= Roshan Ara Bokhari =

Pakistani dance and choreographer

Roshan Ara Bokhari is a Pakistani dancer and dance choreographer. She was born in Aligarh in 1934. Bokhari's mother is Mian Abdul Aziz and she inherited a love for dance and music from her family.

==Early life==
Bokhari started her early education at Queens Mary College in Lahore. She currently lives in Karachi. She studied classical and field dancing from the classical dancers Tara Chaudhry and Rafi Anwar from the age of 11.

==Career==
Bokhari worked for 47 years in the field of dancing and choreography, from 1965 until 2012. She was a member of the Pakistan Cultural Delegation that went to China in 1965. She also taught at the National Performing Arts Group (NPAG) along with former actress Zarin Panna and dance master Zafar Dilawar. Her students perform every year on 14 August and on International Dance Day.
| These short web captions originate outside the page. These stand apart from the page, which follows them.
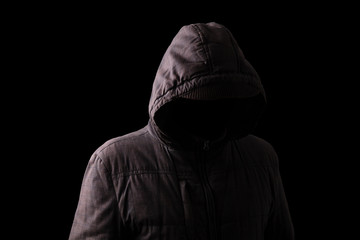 Naklejka na ściany i meble Scary and creepy man hiding in the shadows, with the face and identity hidden with the hood, and standing in the darkness. Low key, black background. Concept for fear, mystery, danger, crime, stalker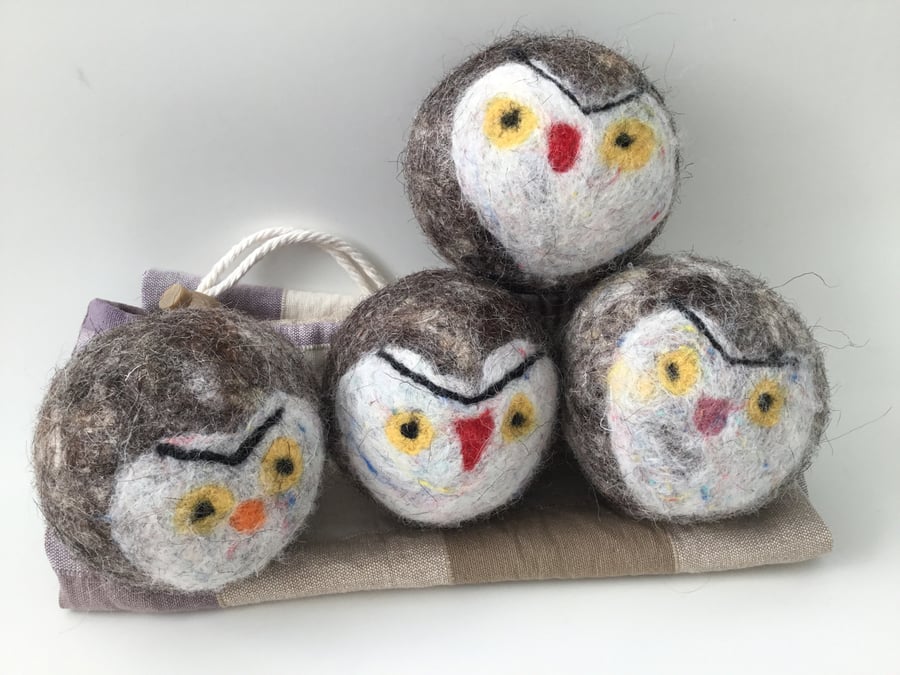 Owl design Tumble dryer balls made from felted wool. 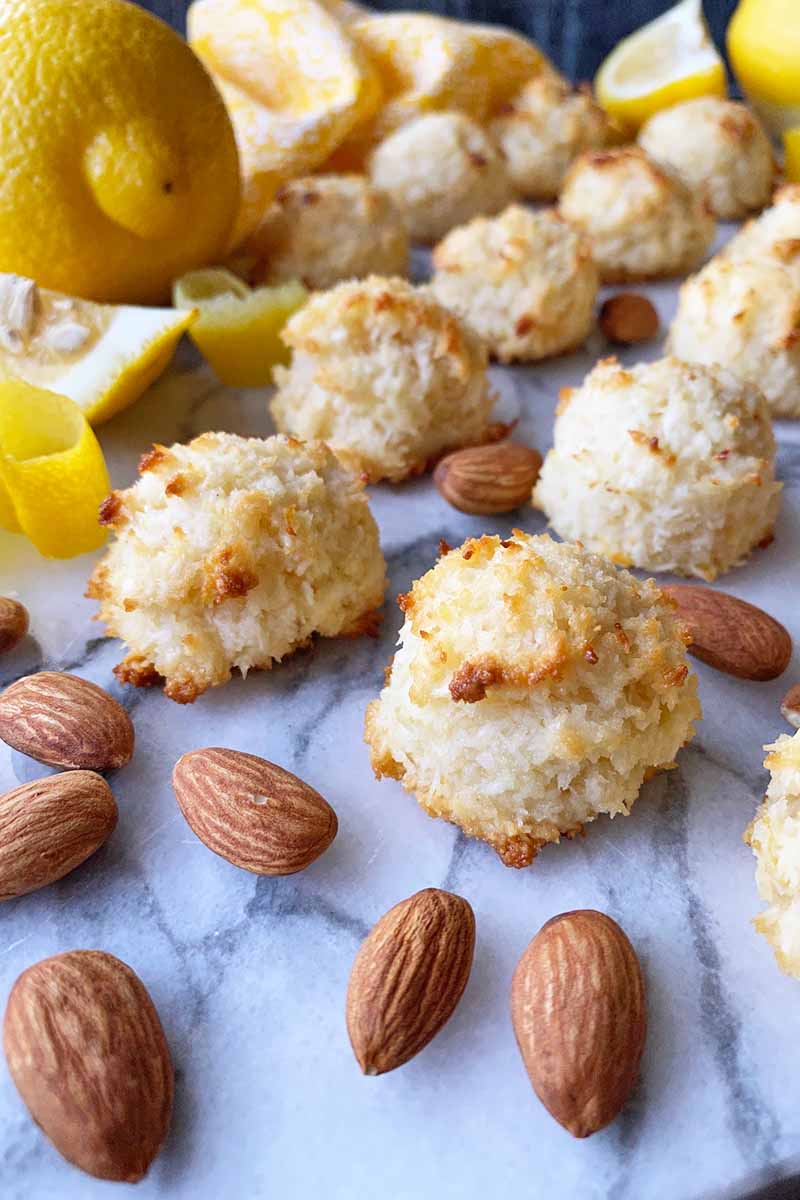 Vertical image of rows of coconut cookies on a marble board with whole nuts, citrus, citrus peels, and a yellow towel.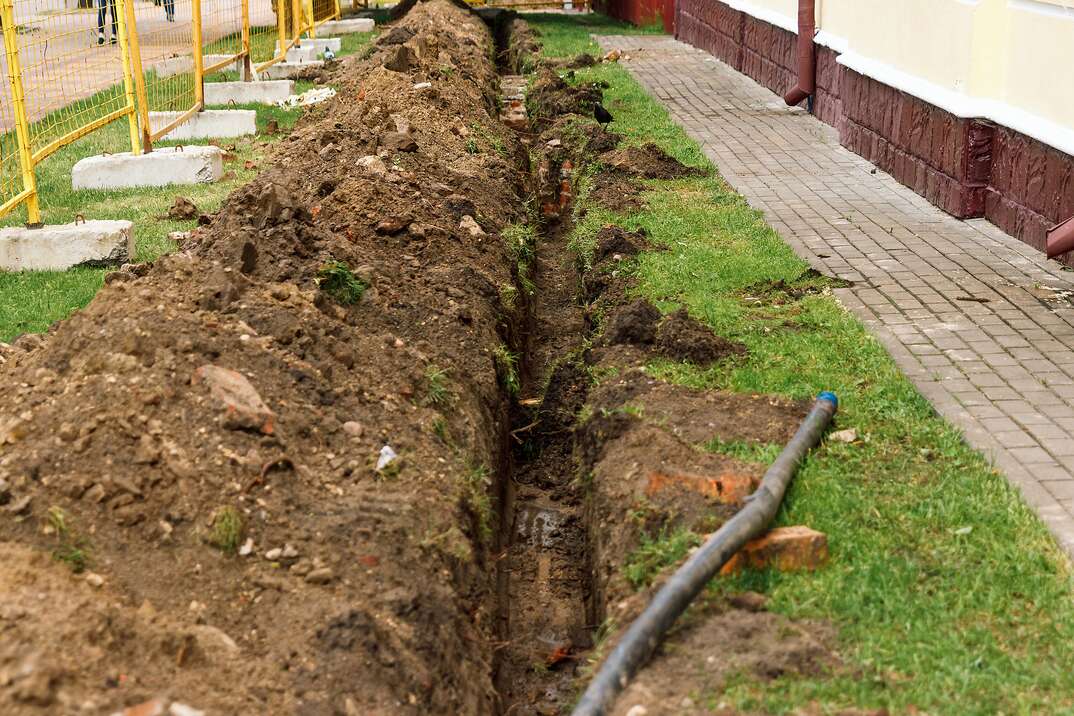 A long and deep trench dug up in a yard to lay in a drainage pipe for a trench drain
It has represented Pakistan in other countries and even won prizes in the United States, China, India, and Kazakhstan. They even performed to represent the sufferings of flood victims. Her contributions towards dance have been recognized by institutions such as Art Now Pakistan, the National Performance Arts Group, and Lahore Grammar School.

==Performances==
Bokhari has choreographed several thematic dances and field shows for the South Asian Federation games in 1988 and 2005. She also led a team of dancers that visited China in 1965.